> _Task instructions_: In this exercise, print only the lines of the records below from the one with "Basic 61 Database" through the one with "GLD Chief Coin Pendant in White Gold", inclusive. Pictures are not part of the copy.

** Data for review follows **

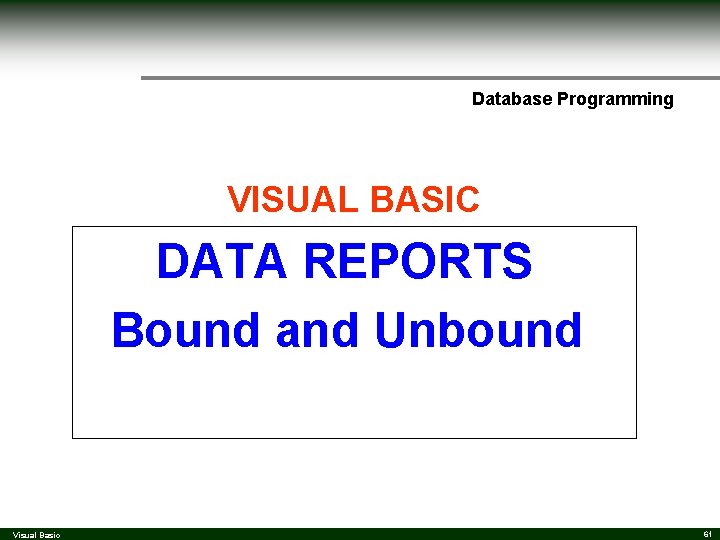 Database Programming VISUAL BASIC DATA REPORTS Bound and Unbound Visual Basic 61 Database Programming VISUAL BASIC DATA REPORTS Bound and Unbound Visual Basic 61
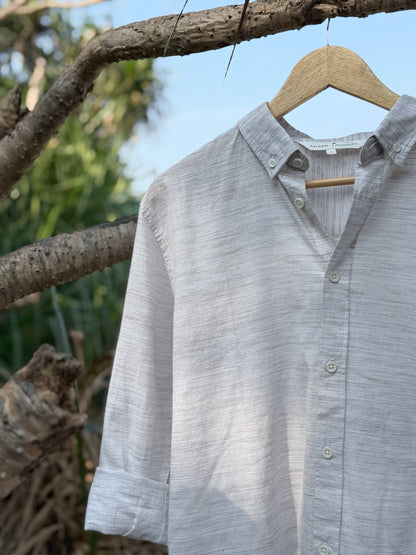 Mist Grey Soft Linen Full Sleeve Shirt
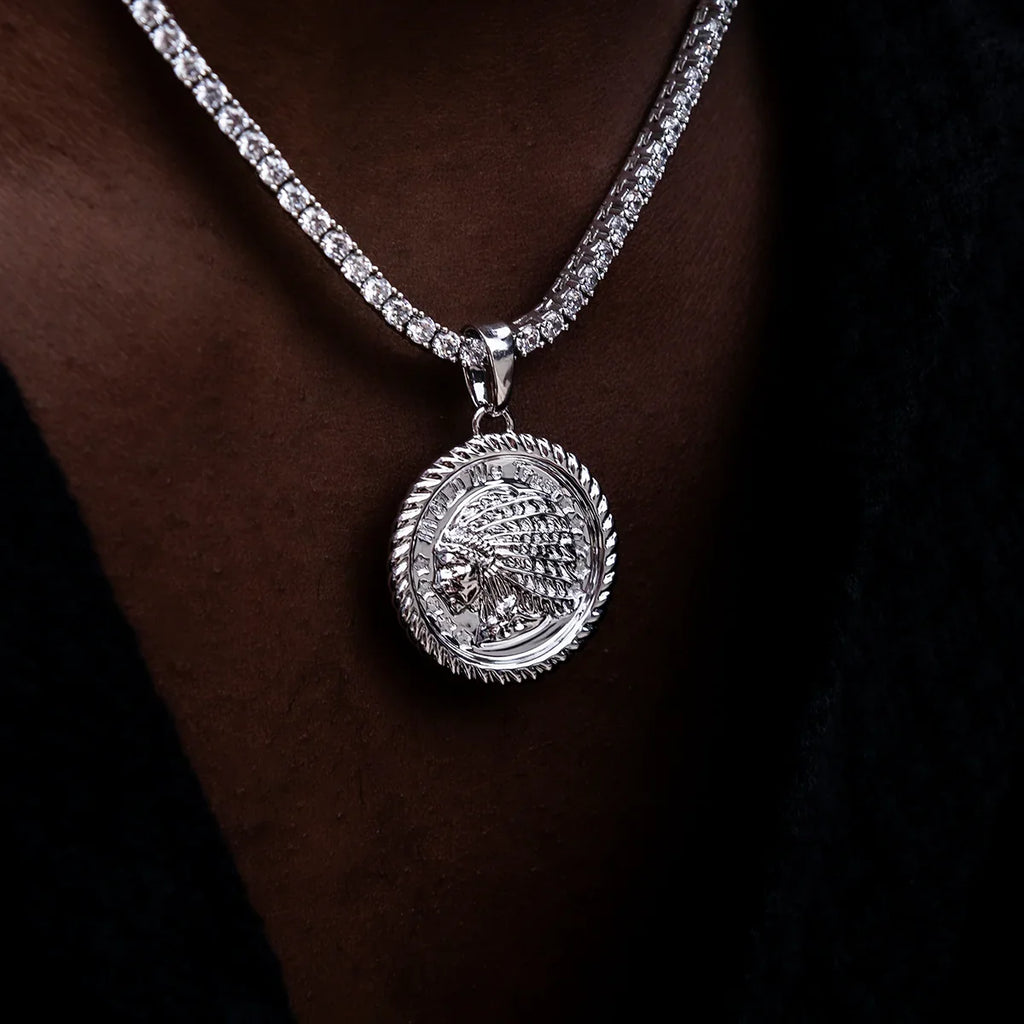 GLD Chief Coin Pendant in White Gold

** End of Data for review **
** Data for review follows **

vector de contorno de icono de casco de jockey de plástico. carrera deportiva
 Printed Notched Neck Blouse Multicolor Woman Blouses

** End of Data for review **

> _Exercise output_:
 Database Programming VISUAL BASIC DATA REPORTS Bound and Unbound Visual Basic 61 Database Programming VISUAL BASIC DATA REPORTS Bound and Unbound Visual Basic 61
 Mist Grey Soft Linen Full Sleeve Shirt
 GLD Chief Coin Pendant in White Gold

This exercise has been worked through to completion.